Las declaraciones y los datos que recabó Maria Antonia eran espeluznantes y arrojaban claras evidencias de que en Baleares operan redes de explotación sexual infantil desde hace al menos una década. Niñas de entre 14 y 16 años en la mayoría de los casos. Firmó con su nombre aquel reportaje y estuvo meses preparando la noticia. Aunque hay quienes afirman que el periodismo ya no es una profesión de riesgo, ella se expuso y se mojó para denunciar la situación que vivían esos críos que, al parecer, no le importaban a nadie. Contrastó informaciones, entrevistó a decenas de personas, llamó a varias Consellerías e intentó ayudar a aquellas víctimas sin nombre ni iniciales, pero hasta que la violación grupal de una de ellas no saltó a la cancha nacional del sensacionalismo, nadie quiso rasgarse las vestiduras por ellos. Cualquiera de esos canallas podría haber localizado sin problemas a Maria Antonia, pero a ella lo que más miedo le daba era la ausencia de respuestas. Esta semana, mientras escuchaba en el Congreso y en el Parlament a bustos parlantes acusarse unos a otros por no haber hecho nada, ha vuelto a revolverse, porque lleva años esperando un movimiento en sus tableros de doble rasero. Porque resulta que nosotras sí que hemos sentido que se están «descojonando en nuestra cara», como afirmó un vicepresidente con coleta.

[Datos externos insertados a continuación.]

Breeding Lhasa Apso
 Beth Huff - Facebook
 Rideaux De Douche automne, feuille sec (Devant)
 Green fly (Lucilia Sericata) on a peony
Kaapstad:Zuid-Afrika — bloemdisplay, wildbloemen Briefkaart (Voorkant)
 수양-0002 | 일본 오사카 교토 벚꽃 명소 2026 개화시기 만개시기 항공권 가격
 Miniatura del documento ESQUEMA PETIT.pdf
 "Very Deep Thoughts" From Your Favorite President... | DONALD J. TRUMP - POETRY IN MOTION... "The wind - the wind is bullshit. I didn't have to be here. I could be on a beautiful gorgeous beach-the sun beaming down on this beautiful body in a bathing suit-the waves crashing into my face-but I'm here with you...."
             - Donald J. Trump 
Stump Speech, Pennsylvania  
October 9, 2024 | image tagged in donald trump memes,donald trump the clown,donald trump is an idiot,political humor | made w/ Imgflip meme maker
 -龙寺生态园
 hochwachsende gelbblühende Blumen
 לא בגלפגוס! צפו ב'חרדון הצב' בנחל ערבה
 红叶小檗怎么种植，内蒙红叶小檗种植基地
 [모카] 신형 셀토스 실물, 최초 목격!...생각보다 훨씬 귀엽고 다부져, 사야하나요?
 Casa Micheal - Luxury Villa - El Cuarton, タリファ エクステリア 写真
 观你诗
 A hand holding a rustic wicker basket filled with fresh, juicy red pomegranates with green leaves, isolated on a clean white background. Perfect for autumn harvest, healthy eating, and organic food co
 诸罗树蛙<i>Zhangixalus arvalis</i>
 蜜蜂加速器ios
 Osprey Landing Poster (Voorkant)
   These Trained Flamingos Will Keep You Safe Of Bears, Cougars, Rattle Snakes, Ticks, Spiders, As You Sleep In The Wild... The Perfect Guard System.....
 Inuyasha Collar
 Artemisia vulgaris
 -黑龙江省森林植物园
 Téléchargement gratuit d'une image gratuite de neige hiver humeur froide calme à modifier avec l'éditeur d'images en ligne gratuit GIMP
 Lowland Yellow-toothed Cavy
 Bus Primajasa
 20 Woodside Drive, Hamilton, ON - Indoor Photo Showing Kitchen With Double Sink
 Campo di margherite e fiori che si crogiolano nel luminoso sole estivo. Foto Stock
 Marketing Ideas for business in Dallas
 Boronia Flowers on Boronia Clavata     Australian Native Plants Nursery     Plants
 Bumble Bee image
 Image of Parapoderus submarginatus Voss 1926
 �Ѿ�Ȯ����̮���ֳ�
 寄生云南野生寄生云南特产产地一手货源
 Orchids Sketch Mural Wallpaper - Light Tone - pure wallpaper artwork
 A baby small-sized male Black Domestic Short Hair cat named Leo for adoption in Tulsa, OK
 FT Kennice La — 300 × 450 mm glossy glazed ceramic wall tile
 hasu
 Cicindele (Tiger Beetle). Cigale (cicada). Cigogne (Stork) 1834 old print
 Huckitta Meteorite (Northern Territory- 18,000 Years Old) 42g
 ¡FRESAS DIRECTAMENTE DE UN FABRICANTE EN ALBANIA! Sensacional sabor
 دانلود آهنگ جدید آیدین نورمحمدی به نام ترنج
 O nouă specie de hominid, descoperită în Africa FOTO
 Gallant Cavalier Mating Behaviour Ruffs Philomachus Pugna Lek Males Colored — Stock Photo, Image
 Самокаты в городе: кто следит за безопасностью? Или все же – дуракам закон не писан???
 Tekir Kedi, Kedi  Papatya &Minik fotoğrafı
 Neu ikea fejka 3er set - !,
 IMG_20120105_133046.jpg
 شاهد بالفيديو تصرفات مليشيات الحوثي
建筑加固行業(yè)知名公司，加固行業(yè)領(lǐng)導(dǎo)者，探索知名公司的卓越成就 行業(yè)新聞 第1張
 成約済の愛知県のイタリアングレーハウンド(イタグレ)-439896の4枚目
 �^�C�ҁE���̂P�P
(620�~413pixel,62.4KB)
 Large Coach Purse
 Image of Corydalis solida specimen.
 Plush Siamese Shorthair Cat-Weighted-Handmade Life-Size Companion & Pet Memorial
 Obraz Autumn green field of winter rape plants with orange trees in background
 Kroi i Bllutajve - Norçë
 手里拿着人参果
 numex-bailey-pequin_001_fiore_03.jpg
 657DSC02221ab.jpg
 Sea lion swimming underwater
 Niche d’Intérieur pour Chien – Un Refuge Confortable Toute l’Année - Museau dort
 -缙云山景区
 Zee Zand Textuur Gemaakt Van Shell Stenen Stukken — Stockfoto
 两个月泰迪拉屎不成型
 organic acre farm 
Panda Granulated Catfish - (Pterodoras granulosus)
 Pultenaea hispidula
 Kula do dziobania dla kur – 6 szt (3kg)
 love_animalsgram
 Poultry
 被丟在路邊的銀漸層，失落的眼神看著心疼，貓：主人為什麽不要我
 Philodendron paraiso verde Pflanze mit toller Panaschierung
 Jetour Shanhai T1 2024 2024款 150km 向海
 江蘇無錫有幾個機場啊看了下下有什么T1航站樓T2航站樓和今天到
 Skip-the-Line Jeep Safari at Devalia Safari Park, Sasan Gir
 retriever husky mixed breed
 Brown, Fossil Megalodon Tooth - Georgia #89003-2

La Ley del Silencio se impuso entonces y sigue hoy campando a sus anchas entre políticos que se lanzan la patata caliente y se acusan entre ellos de haber mirado a otro lado, desviando las responsabilidades hacia Policía o Fiscalía y asegurando que se ocuparán de depurar responsabilidades. Pero, ¿saben lo que pasa? Que a mí y a Maria Antonia no nos vale su suficiencia y su falsa indignación. Nosotras no queremos saber quiénes son los culpables de que el sistema no funcione, sino que lo arreglen de una maldita vez. Queremos ver a los malos en la cárcel y a los niños en hogares. Es nuestra obligación, la de todos, proteger a los más vulnerables. Evitar que menores sean separados de sus familias, porque se suponen que corren peligro dentro de ellas, para terminar en centros de acogida y seguir igualmente desprotegidos. Una sociedad no puede permitir que sus niños estén desamparados, solos, muertos de miedo, que se vistan de corazas sucias y que se enganchen a las drogas que les suministran proxenetas de medio pelo, o que se conviertan ellos mismos en captadores para seguir logrando esas sustancias con las que evadirse de una vida demasiado dura para su edad.

Maria Antonia ya no cree en hacer periodismo porque ha visto cómo se vende al por mayor. Pero lo que ella no sabe es que los demás la necesitamos, porque son las personas valientes como ella quienes golpean conciencias y demuestran que nuestra profesión nació para mucho más que para contar verdades: para cambiarlas.